Positiv sieht dahingegen der geplante Einstieg der Electricité de France EdF in die Energie Baden-Württemberg AG (EnBW) aus: Loic Capéran zeigte sich zuversichtlich von Mario Monti (Wettbewerbskommissar) grünes Licht für die Übernahme von 34,5 Prozent des EnBW-Kapitals zu erhalten. Capéran kündigte an, die Vorgaben Montis, den heimischen Markt zu öffnen, zu erfüllen. Ausländische Konkurrenten könnten zukünftig 150 Terrawattstunden (TWh) bei den französischen Industriekunden absetzen. "Frankreich ist kein geschlossenes Land mehr" sagte Caperan am Mittwoch auf dem Handelsblatt-Kongress in Berlin. Rund ein Drittel des französischen Marktes seien offen für andere Unternehmen. Zudem sei geplant, die bislang geltende Mindesstrommenge in Höhe von 16 Gigawattstunden abzusenken, ab der französische Kunden von ausländischen Konzernen Strom beziehen könnten. Für Großkunden seien die Preise um 15 Prozent gesunken. Offen blieb jedoch, wie der Zugang in den französischen Markt erfolgen solle.

Gaswirtschaft:
Interessant auch ein Statement von zwei Gasversorgern: Weder Wingas noch Ruhrgas planen den Wettbewerb um den Haushaltskunden à la "Yello". Burkhard Genge, Sprecher der Geschäftsführung der Wingas GmbH, stellte zudem fest, dass der Wettbewerb im Gasmarkt im Vergleich zur Entwicklung auf dem Strommarkt eher schleppend in Gang komme.
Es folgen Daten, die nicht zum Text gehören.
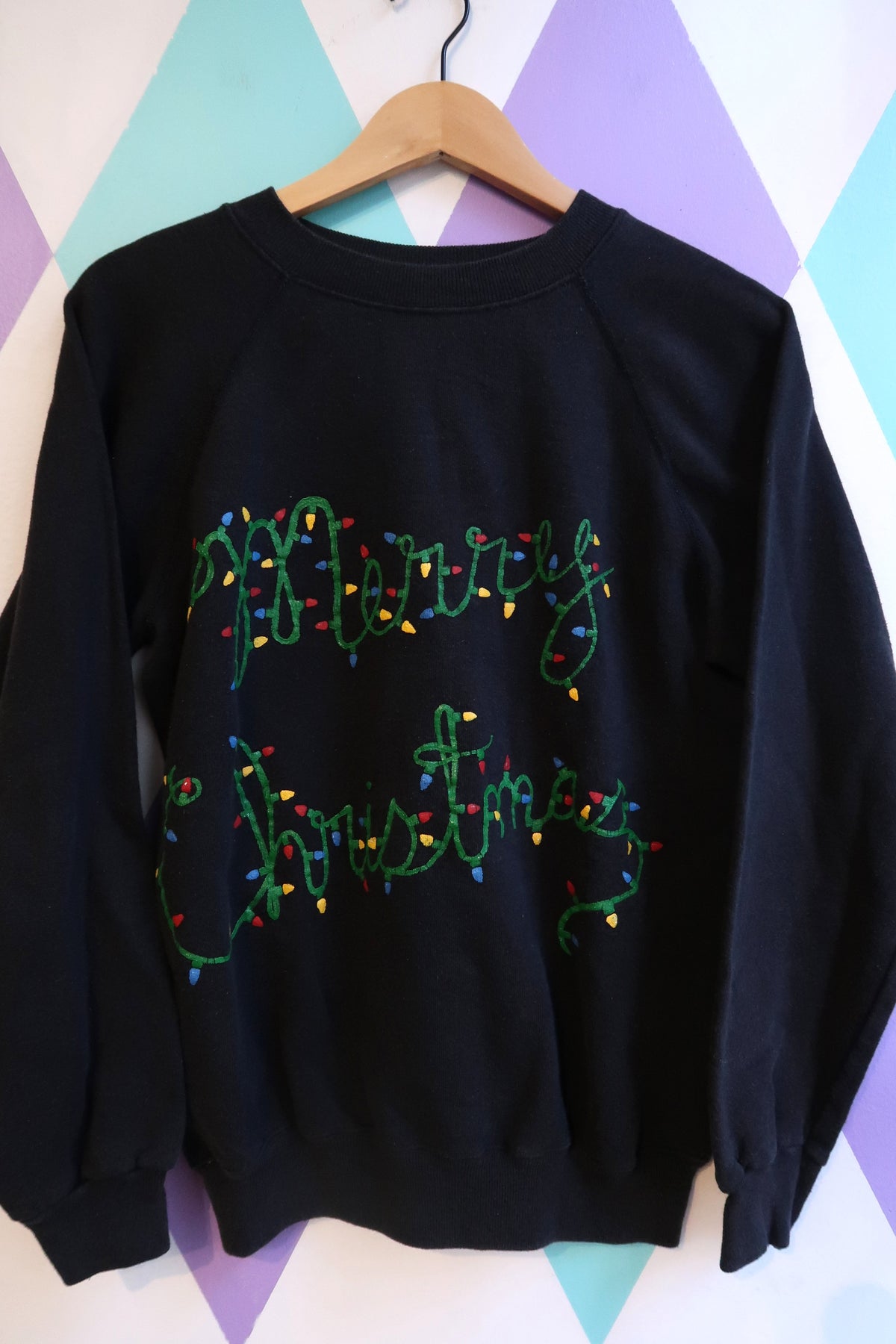 Vintage 90s “Merry Christmas” Puff Paint Holiday Light Graphic Sweatshirt - Elektra Vintage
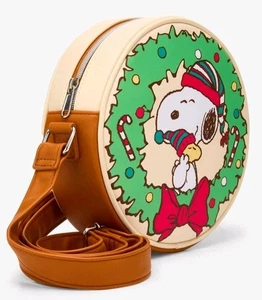 Bolso Bandolera Loungefly Peanuts Snoopy & Woodstock Corona de Navidad Nuevo con Etiquetas Sellado - Imagen 1 de 4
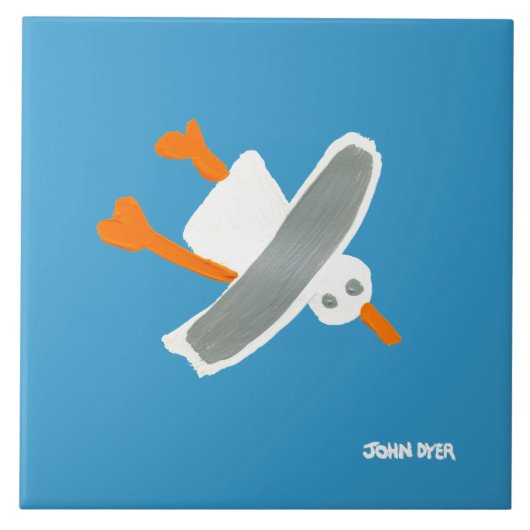 Carreau de céramique d'art : Mouette de vol de (Devant)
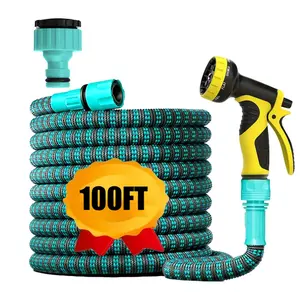 Garden Flexible Expandable Dual Color Magic Water Hose, High Pressure Car Wash Irrigation, 25ft-50ft-75ft-100ft, Multi-Purpose Garden Tool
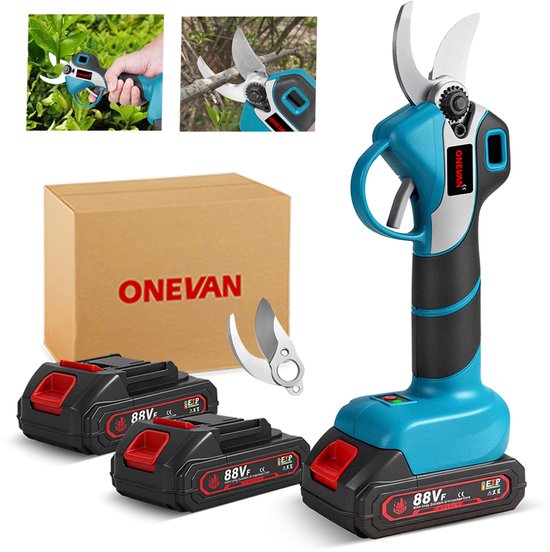 ONEVAN Elektrische Snoeischaar - 30mm Snijdiameter - met 2x Accu & Reserve Set Snoeimessen - Draadloze Snoeischaar - SK5 Scherp Lemmet - Borstelloos Snoeischaren - Voor Boomgaard, Tuin, Boerderij, Park, Tuinieren van Merkloos	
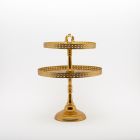 ALZATINA 2PIANI TONDA ORO 31X31X45cm.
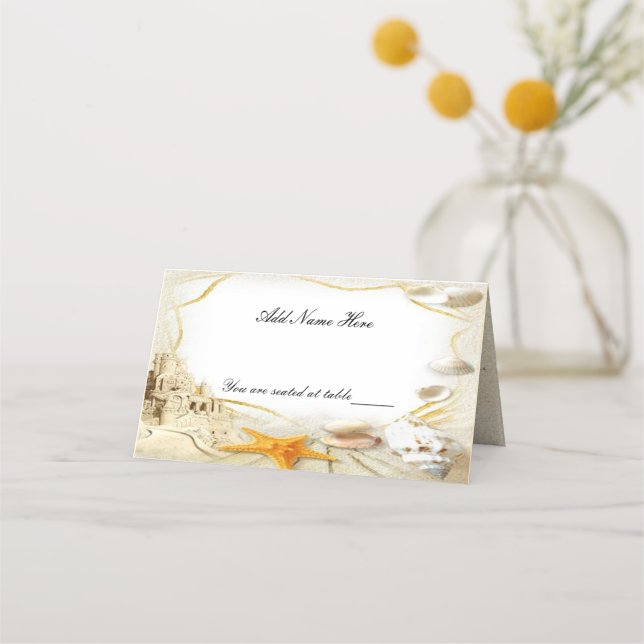Beach Sand Castle Wedding Table Place Card (Front)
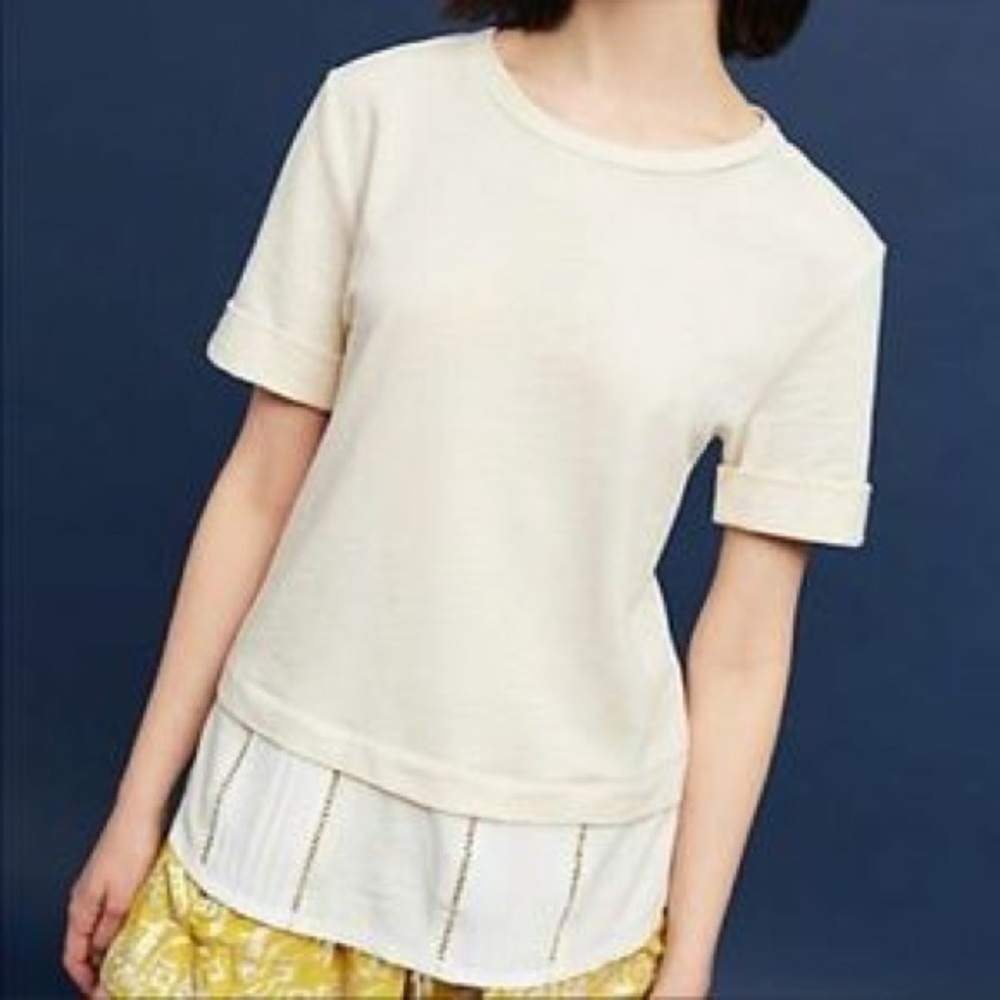 Anthro Dolan Top Layered Sweatshirt Short Sleeves - Picture 1 of 8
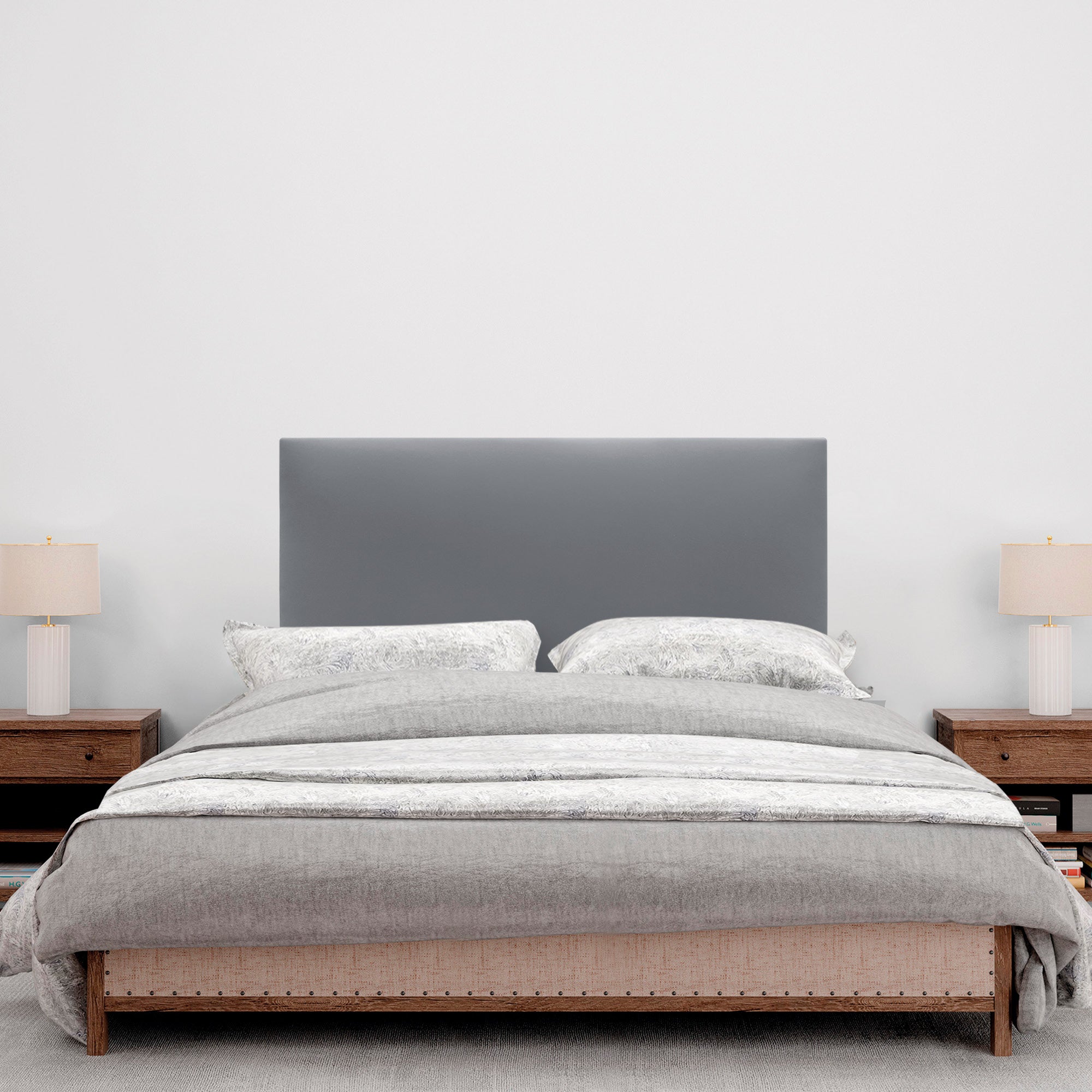 DHOME Cabecero de Polipiel Liso y con Patas cabeceros Cabezal tapizado Cama (Polipiel Gris, 90cm (Camas 70/80/90)) - 4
Ein Problem sei, dass die Verbändevereinbarung vom 4. Juli 2000 doch eine ganze Reihe Fragen offen gelassen habe, so zum Beispiel grundlegende Dinge wie die Übergabe- und Übernahmebedingungen des zu transportierenden Gases, die Messung und Steuerung bei der Ein- und Ausspeisung, Nominierungsprozeduren und Datenübertragungsfragen.